Six ans après les faits, l’Irak a rattrapé Alastair Campbell. A la demande du successeur de Tony Blair à la tête du gouvernement, Gordon Brown, une commission d’enquête a, en effet, été mise sur pied. Son président, Sir John Chlicott, en définissait ainsi le rôle en novembre dernier : « La commission d'enquête sur l'Irak a été installée pour identifier les leçons à tirer de l'engagement britannique en Irak afin d'aider les gouvernements futurs qui pourraient se retrouver dans des situations similaires. Dans cet objectif, nous devons établir ce qui s'est passé et nous le ferons sur la base d'indices que nous réunirons à partir de documents et de témoignages des acteurs directs. Nous chercherons ensuite à évaluer ce qui s'est bien passé, ce qui s'est mal passé et pourquoi tel fut le cas. Mes collègues et moi nous sommes attelés à cette tâche avec un esprit ouvert. Nous sommes apolitiques, indépendants de tout parti politique et nous voulons examiner les indices qui seront les bases de nos conclusions. Nous mènerons un examen approfondi, rigoureux, juste et honnête.»

L’ancien conseiller en communication est le premier personnage-clé de ce dossier a être auditionné, ce mardi.

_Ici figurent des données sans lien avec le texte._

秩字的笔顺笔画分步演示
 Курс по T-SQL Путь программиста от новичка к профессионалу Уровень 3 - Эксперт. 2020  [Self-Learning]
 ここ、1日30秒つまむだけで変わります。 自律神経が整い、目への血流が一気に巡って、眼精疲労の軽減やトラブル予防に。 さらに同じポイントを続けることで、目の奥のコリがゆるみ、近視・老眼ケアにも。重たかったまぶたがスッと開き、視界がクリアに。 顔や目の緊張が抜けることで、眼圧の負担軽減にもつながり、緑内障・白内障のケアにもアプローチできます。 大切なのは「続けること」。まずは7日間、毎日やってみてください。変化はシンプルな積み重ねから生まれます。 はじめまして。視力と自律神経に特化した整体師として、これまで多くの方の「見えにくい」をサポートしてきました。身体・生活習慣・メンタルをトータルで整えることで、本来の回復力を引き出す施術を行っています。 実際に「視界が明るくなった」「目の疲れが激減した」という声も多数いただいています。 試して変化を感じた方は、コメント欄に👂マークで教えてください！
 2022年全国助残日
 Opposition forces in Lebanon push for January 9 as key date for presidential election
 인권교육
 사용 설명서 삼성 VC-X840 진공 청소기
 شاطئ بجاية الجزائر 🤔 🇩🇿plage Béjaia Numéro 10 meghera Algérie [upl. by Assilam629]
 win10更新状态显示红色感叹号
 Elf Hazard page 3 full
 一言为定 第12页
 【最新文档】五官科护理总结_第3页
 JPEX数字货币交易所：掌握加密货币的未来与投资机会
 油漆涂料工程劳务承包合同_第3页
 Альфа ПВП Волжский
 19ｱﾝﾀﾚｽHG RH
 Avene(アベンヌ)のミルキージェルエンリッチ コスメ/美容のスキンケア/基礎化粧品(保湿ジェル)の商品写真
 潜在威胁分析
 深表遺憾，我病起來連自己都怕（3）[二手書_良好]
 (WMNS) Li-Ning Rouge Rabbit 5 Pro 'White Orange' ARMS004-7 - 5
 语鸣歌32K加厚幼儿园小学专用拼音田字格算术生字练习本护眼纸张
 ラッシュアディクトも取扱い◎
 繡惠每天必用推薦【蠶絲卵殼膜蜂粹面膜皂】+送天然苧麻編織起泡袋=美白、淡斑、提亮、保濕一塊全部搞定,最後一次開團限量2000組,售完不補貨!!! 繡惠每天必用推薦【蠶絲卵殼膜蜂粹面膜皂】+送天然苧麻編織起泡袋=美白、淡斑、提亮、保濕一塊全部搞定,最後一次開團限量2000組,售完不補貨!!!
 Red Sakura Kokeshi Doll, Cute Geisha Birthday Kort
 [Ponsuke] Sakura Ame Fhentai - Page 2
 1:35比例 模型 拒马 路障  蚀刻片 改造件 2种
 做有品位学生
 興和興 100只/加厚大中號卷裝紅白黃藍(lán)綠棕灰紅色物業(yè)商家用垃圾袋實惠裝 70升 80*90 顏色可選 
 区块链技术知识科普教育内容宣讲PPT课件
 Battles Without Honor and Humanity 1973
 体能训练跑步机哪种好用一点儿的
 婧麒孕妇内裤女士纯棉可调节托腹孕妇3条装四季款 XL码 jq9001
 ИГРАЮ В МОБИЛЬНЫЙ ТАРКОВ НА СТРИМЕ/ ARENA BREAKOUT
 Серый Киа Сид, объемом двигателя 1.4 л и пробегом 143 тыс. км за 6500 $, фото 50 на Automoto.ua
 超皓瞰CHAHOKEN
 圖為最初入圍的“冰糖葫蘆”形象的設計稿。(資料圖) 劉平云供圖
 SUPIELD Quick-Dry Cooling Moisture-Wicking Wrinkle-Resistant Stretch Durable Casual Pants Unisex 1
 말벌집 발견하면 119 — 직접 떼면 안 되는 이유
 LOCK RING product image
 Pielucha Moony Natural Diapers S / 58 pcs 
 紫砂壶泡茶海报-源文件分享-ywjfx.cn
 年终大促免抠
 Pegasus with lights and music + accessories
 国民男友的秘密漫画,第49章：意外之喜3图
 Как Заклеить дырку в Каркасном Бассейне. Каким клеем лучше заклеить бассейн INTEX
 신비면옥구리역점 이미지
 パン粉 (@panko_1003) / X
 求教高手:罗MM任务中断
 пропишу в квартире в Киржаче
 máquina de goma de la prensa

L’ancien Premier ministre Tony Blair devrait quant à lui être entendu, fin janvier ou début février. Ce dernier a d’ores et déjà souligné, lors d’un entretien avec la BBC: « même si nous avions su avant que l’Irak n’avait pas d’armes de destruction massive, j’aurais soutenu l’intervention militaire pour renverser Saddam Hussein ». A défaut d’être moral, le point de vue a le mérite de la clarté. Et l’on voit mal comment dans ces conditions la commission d’enquête pourra aller au-delà de simples auditions pour l’Histoire. 

Ce mardi 12 janvier, Alastair Campbell a défendu une position nettement moins consensuelle en  faisant porter le chapeau à la France. Devant les membres de la commission,  il a souligné que Tony Blair a privilégié le plus longtemps possible la solution diplomatique en Irak. Mais, a-t-il dit, «lorsque les Français se sont retirés (de la démarche anglo-américaine à l'ONU), c'est à ce moment que l'action militaire est devenu la seule option.»